'Oda Nobunaga in Flames at Honno-ji Temple' by Tsukioka Yoshitoshi, 1876. From the series 'A Mirror Of Famous Generals Of Japan'. This image is also available on:
The 'Warring States' period of Japan is one of the most well-known parts of Japanese history, and is in many ways the archetype for the popular image of pre-modern Japan. After the gradual weakening of the Ashikaga Shogunate's authority in the late 15th century, Japan descended into a 148 year-long period of civil war, where daimyo (the most powerful lords, roughly equivalent to a European Duke) schemed to replace the Ashikaga in between carrying on incessant feuds with their neighbors. It was the heyday of the samurai, as never before had there been such a demand for the services of the warrior class. But it was also the end of the samurai, in a sense. In the mid-16th century Europeans arrived in Japan, bringing firearms, and one man would capitalize on this to bring Japan closer to reunification than it had been in a century: Oda Nobunaga. Ruler of a small realm in central Japan, constantly under pressure from powerful neighbors, Nobunaga moved away from the traditional, 'honorable', style of combat in favor of massed ranks of arquebusiers and European-style pike blocks, recruiting heavily from the peasantry and drilling them to act as a formation rather than to seek out one-on-one duels. Using these new tactics, Nobunaga conquered most of Japan, and finally formally dissolved the Ashikaga Shogunate. Oda Nobunaga's position as the next Shogun seemed assured.
Then, on the brink of total victory, Nobunaga was betrayed by one of his own generals. The reason for Akechi Mitsuhide's treachery is still hotly debated, and explanations range from simple ambition, to personal grudge, to moral outrage at Nobunaga's disrespect for the Emperor (a powerless figurehead under the control of the Shoguns, but still revered), and half a dozen other theories besides.

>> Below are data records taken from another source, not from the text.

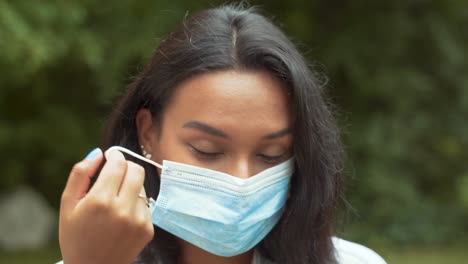 portrait of a beautiful dark haired young woman taking off protective medical face mask then smile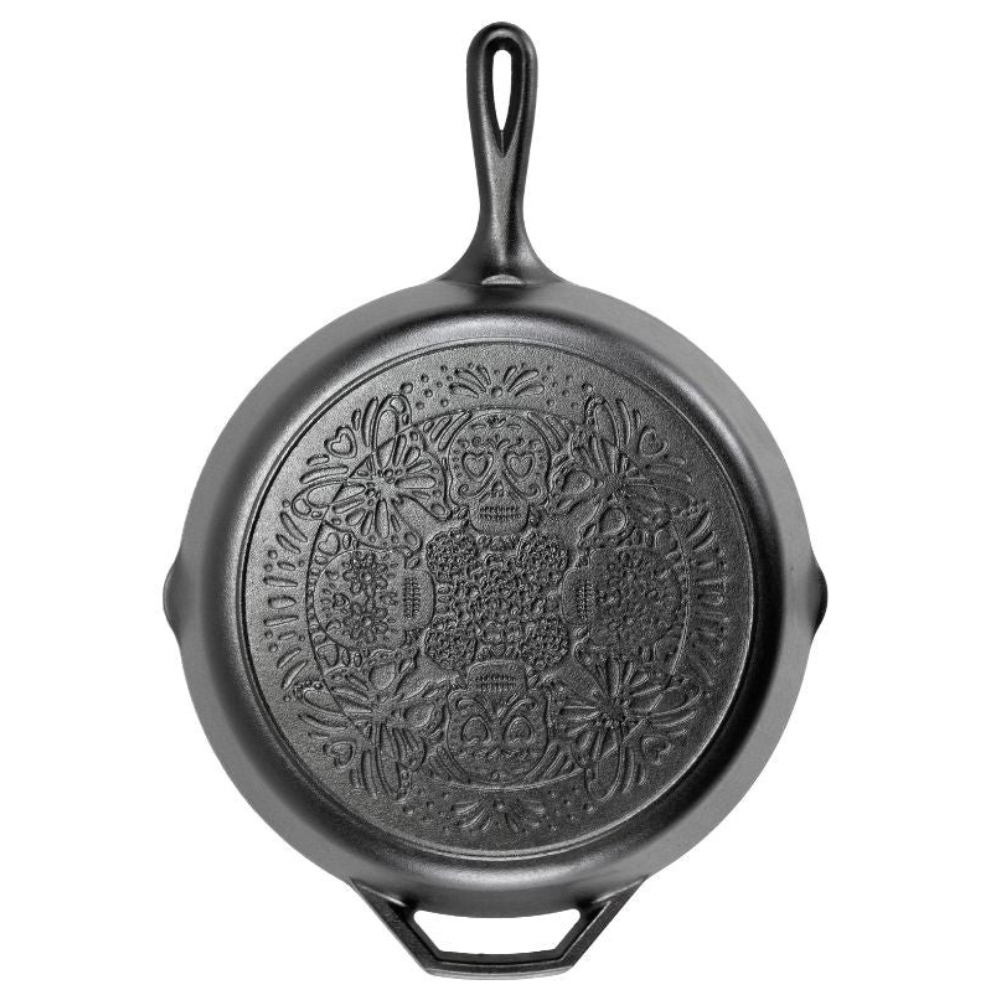 Lodge Butterfly Sugar Skull Skillet standing upright showing pattern on the base.
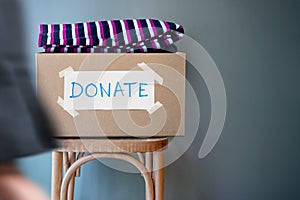 Donation Concept. Donate Box with Used Old Clothes on Chair against Wall in Public Space. blurred walking people as forground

Whatever the reason, in 1582 Mitsuhide struck: on his way to yet another campaign, Nobunaga stopped at the Honno-ji temple in Kyoto to conduct a tea ceremony. Although there were two thousand Oda samurai outside the city, Nobunaga only took thirty retainers and a handful of the Kyoto garrison to the temple itself. Seeing his opportunity, Mitsuhide moved his own 13,000-strong force to surround the temple, and attacked. The Oda retainers resisted bravely but Nobunaga quickly realized that the odds were overwhelming. He ordered the Honno-ji temple to be set aflame, to deny Mitsuhide the satisfaction of capturing his body, and retreated to the inner sanctum to commit seppuku.
If Mitsuhide's motive had been to advance his own career, Nobunaga's assassination backfired on him: he was defeated by Nobunaga's most loyal general, Toyotomi Hideyoshi. Mitsuhide's story ended on a backwoods track, killed by common bandits while fleeing Hideyoshi's forces. Hideyoshi then went on to complete his master's reunification project, although the last rebellions wouldn't finally die down until 1615, after Hideyoshi's premature death and the rise of the Nobunaga's other famous general, Tokugawa Ieyasu. The Tokugawa Shoguns banned firearms and Europeans from the country, but their attempt to roll back the clock was only partially successful. Peace, founded on Nobunaga's conquests, did what all of his military innovations could not: it made the samurai redundant. Although the samurai retained their privileged status until the fall of the Tokugawa in the 1860s, their role in warfare was over, and despite self-consciously continuing their martial training and traditions many samurai families were forced to find roles as bureaucrats, scholars and merchants for their day-to-day living.